If this was the origin of the fashion bikini, how unbelievable and ugly the manipulation.
Hi MN, Perhaps I have added the emotional i.e. scientific/human/natural world interelationship background to the reality, and the designer of the garment (a type of which which had been depicted long ago in wall paintings) was simply thinking “Aha, catchy name!” because an explosion happened somewhere far away at a place of that name days earlier.
It does seem ‘our’ predilection for obliviousness is being challenged by a new awareness of cause & effect involving the natural world and our actions.
You may be creating a new art form with your juxtapositions, Steven. This one threw me into the heart of disassociation, connectedness and spiraling intimacies all at once….a formidable whirling Pandora’s box of reflection.
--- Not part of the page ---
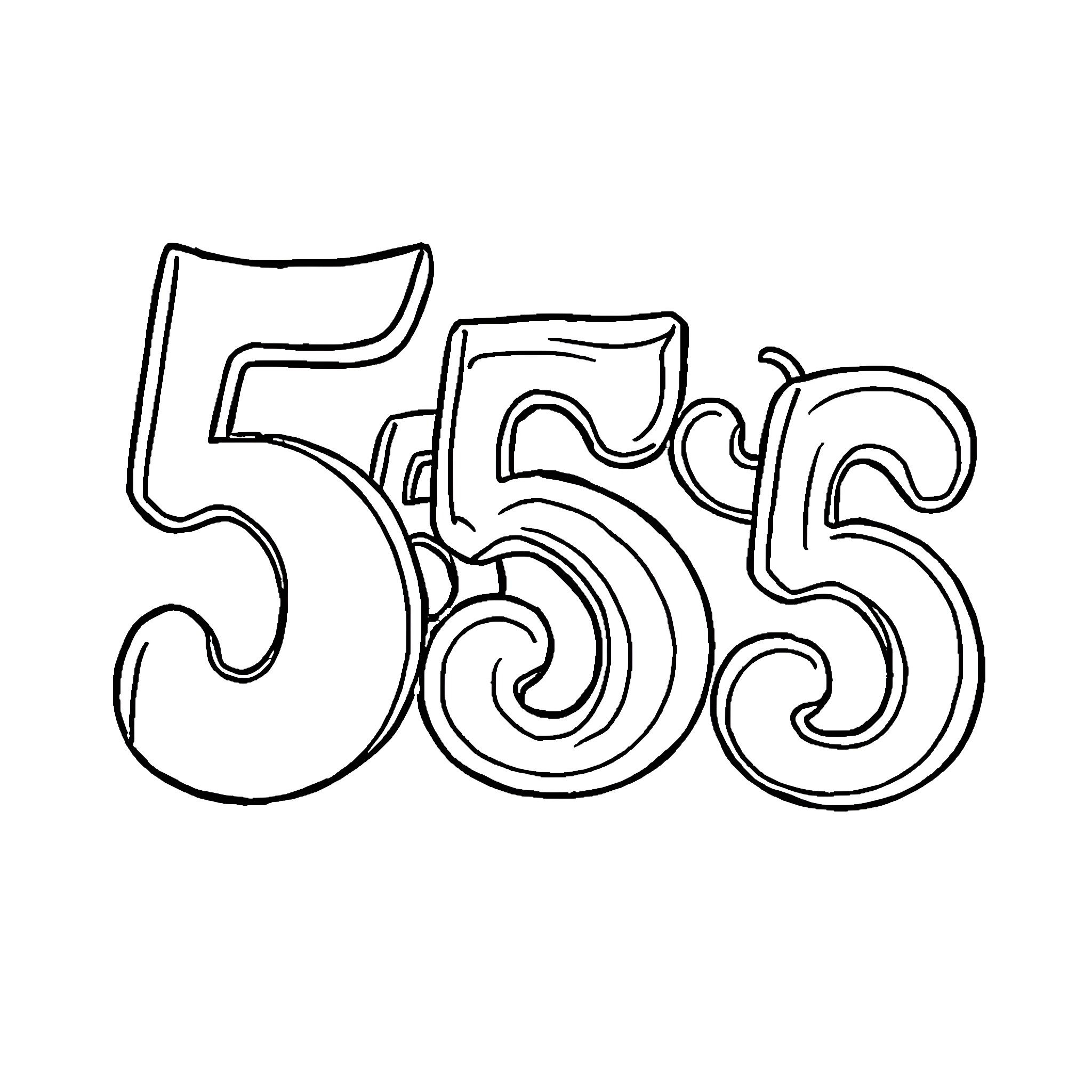 Number 5: Artistic numeric digits Coloring Page (free black-and-white line drawing printable PDF for all, from beginners to advanced learners, including children, teens, adults, and seniors)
I should have been a little more well rested to enter the folds of this one….very powerful, Steven. it followed me off the page!
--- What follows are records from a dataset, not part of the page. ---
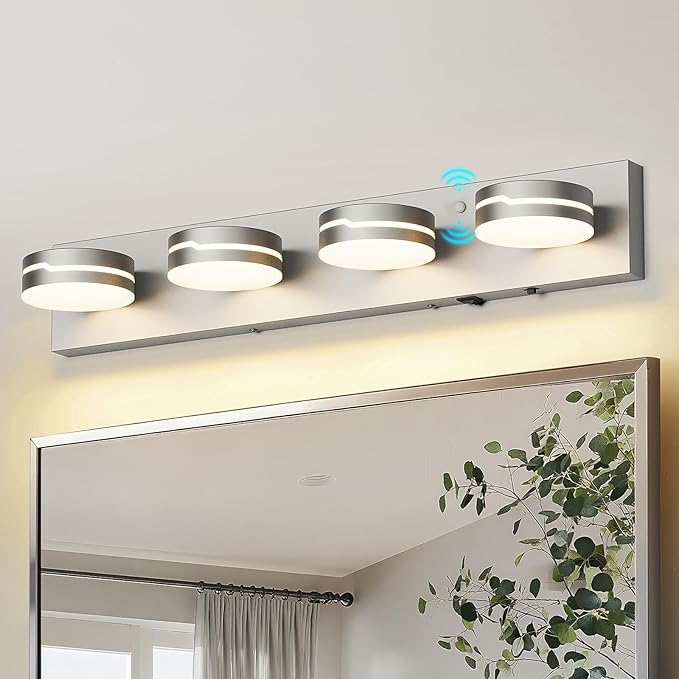 26" Motion Sensor Vanity Light Brushed Nickel, 3CCT 4-Light Modern LED Bathroom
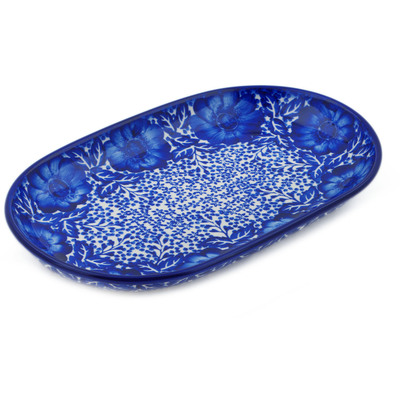 Polish Pottery Platter 13&quot; Cobalt Fantasy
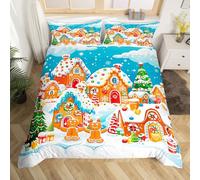 richhome Set di biancheria da letto con copripiumino natalizio con omino di pan di zenzero, traspirante, morbido, 3 pezzi, con omino di pan di zenzero, decorazione per camera da letto, idea regalo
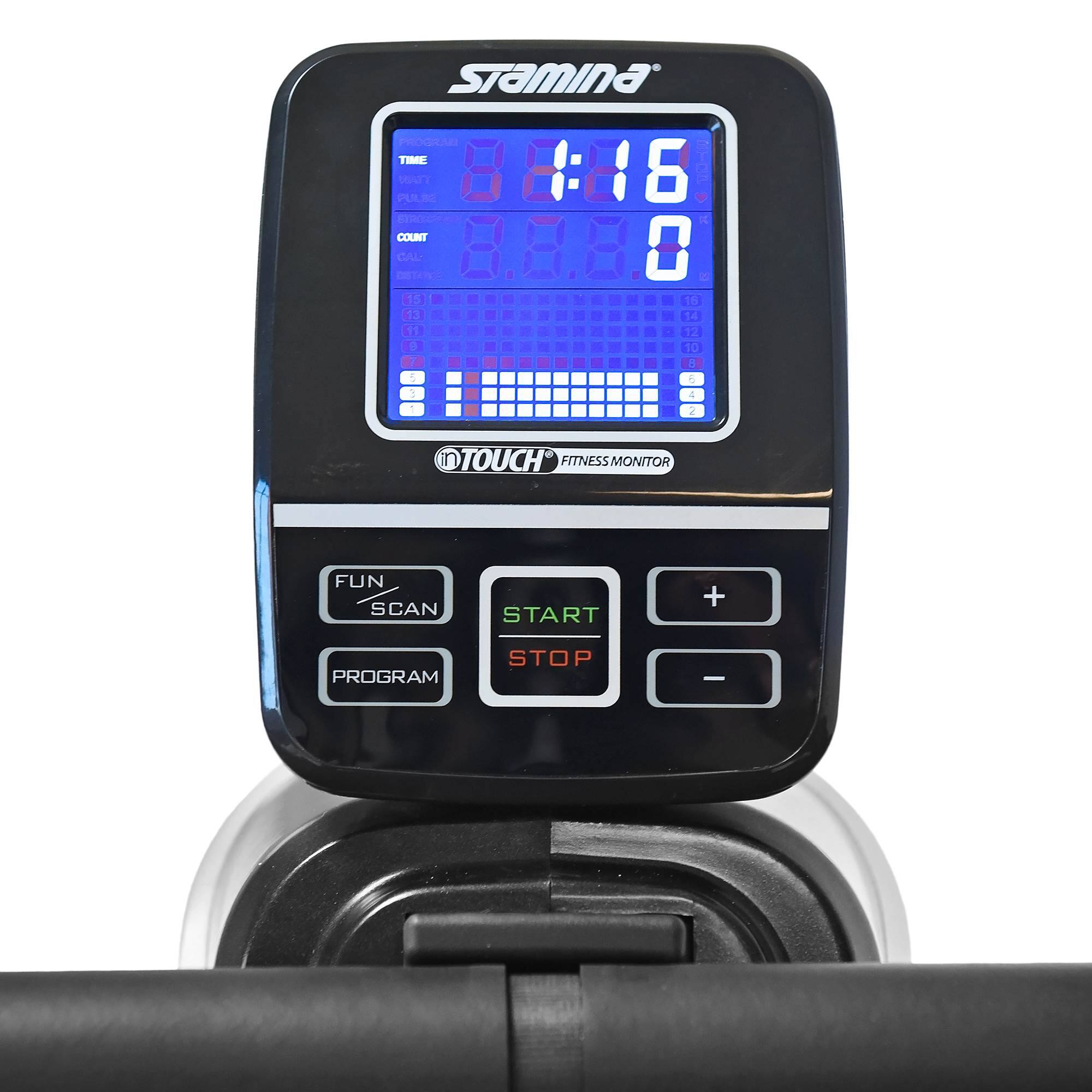 Stamina  
TOUCH FITNESS MONITOR  

PROGRAM  
TIME 88:16  
WEIGHT 88  
PULSE 88  
COUNT 8.8  
CAL 0  

FUN SCAN  
START  
STOP  
PROGRAM  

+  
-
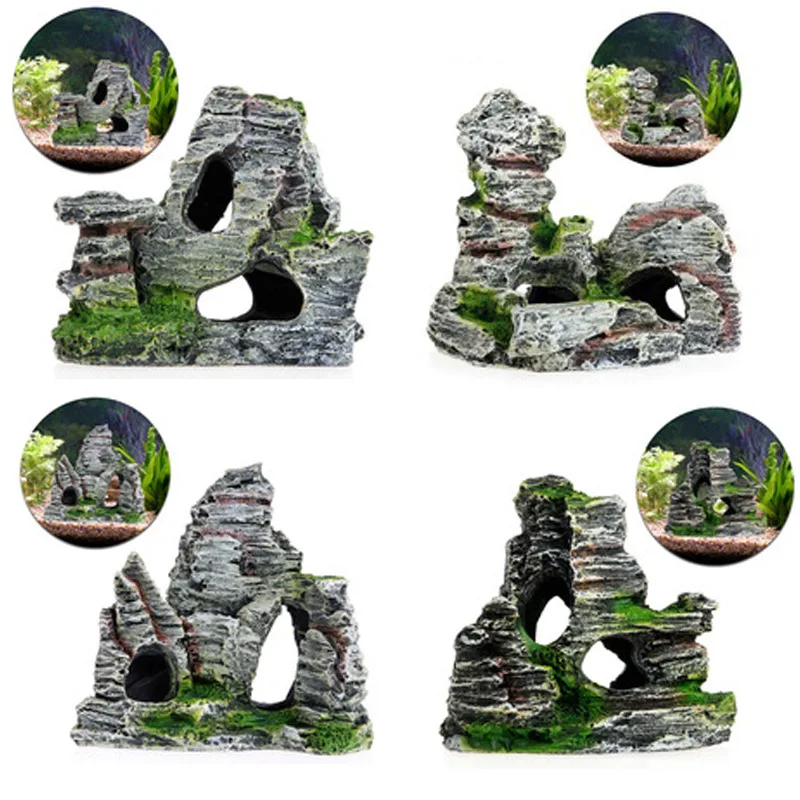 

Resin Aquarium Decoration Castle Hollow Rock Cave Coral Fish Shrimp Hiding Hole Fish Tank Landscape Ornament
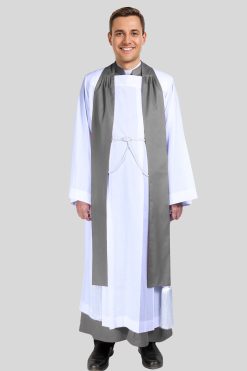 Cherished, Men's Pastor Vestment In Grey - 4 Pieces Included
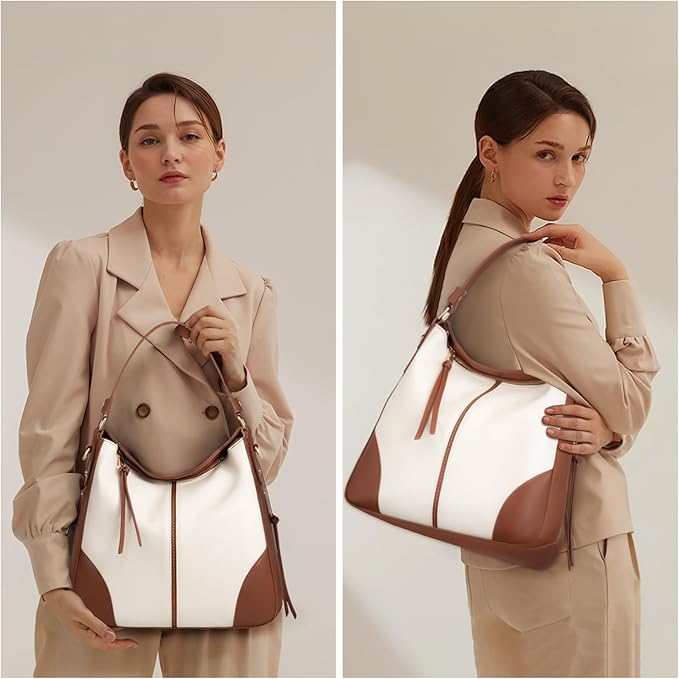 Realer Hobo Crossbody Bags for Women Designer Faux Leather Hobo Handbags Retro Large Size Shoulder Bag Bucket Purse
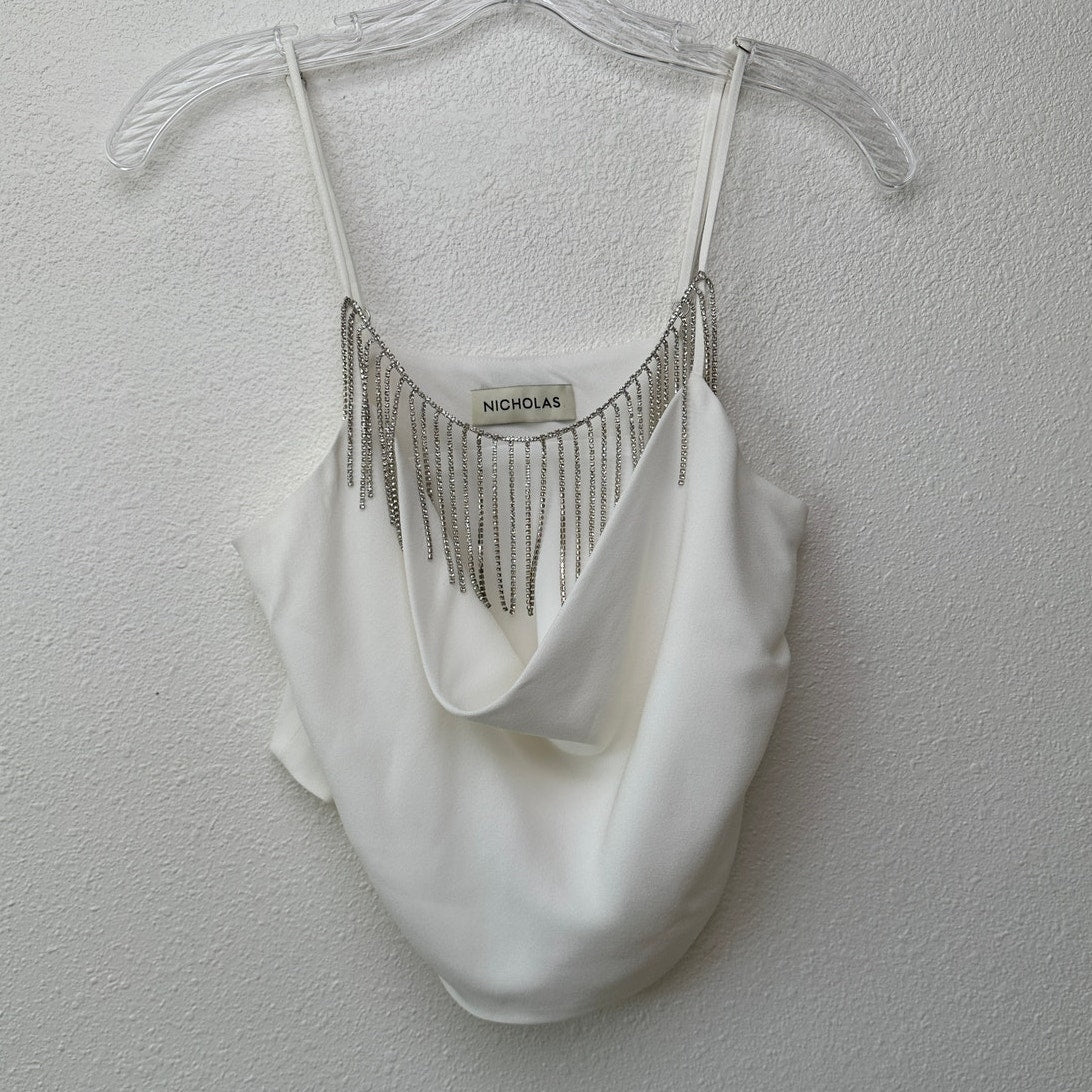 Nicholas Rhinestone Fringe Cowl Neck Ivory Crop Top – Women’s M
Thank you Jana for these thoughts adding to the process at play. Reactions to the idea makes the idea alive.
Speaking of rest, after a night’s sleep, I reworked a key word. I realized the test events on the island(s) did not ‘lead’ to the design of the garment. But rather; the garment’s invention ‘adorned & dovetailed with’ the public consciousness of the ‘test event.’ Which was no doubt dimly perceived, only one year after the end of WW2, as the French were surely focused on tasks at hand. But how quickly those tasks become things like ‘swimsuits.’
Perhaps if I was very clever I could figure out & say how the TV news (shaping the public knowledge) actually ‘wore’ the swimsuit but that is beyond me.
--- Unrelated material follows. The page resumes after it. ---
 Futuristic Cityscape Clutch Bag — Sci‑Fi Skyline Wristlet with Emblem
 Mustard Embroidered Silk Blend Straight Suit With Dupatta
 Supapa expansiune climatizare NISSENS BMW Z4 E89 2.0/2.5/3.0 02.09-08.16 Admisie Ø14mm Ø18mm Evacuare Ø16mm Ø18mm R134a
Your response of disassociation, connectedness and intimacy adds vocabulary to the process and validates the art work. Thank you.
Yes, I see this. This is what I mean Steven…this is viscerally strong stuff. For some reason the image and the words together translate almost a subliminal messaging. I think far beyond the obvious, surface connections. You are tapping into what we have all become attuned to in our medias. The flickering screen, the hypnotic propelling words…only your images and words are taking us to deeper waters….the collective conscience.
The collective conscience…at first I read this as collective conscious…and wondered why you didn’t say ‘subconscious’ instead…but I see your meaning…the word witness comes to mind…as does an interesting phrase somebody once gave to me: ‘witness document.’
I wonder, does the collective conscience & subconscious require ‘witness documents?’
It’s really a good phrase, Steven….’witness document’. The wheels are turning here, Steven.
To me, the subconscious is the same as the collective unconscious. It’s the same territory whether personal or collective. It could be said that I’ve been developing a ‘witness document’ for the collective unconscious.
It could also be said, most definitely, that you are developing a ‘witness document’ for the collective conscience. What an apt description. Frontiers, my friend… Can I use the term? It’s perfectly descriptive …
Isn’t the phrase perfect? Yes, we’ll share it. I think it is now part of the public record and perhaps both an art term and something else public and private. I’d like to include the unconscious in my witness document for the collective conscience as I suspect it’s an ancient voice calling to us that motivates such actions. Fantastic dialogue. thanks again. Great way to begin the day!
Yes…I’ve been listening more closely lately to hearing that voice…. and yes, they are inextricably connected. And only with navigation are we able to see what personally binds them together.
Puts a new spin on the term ‘art work’ … Thanks Steven…right again… great way to begin the day!
Steven, you and Jana have mined gold with “witness document”. It is good for what you do. Tying a thread of consequence and connection from Jana’s “collective conscience” to a blinding world quick to forget, slow to remember. It is pretty special to witness your work and conversation.
Thank you Jack. This contextualizing and vote of confidence is great to have and hear. ‘Tying a thread of consequence and connection…’ A fantastic ethical & philosophical consideration you’ve added.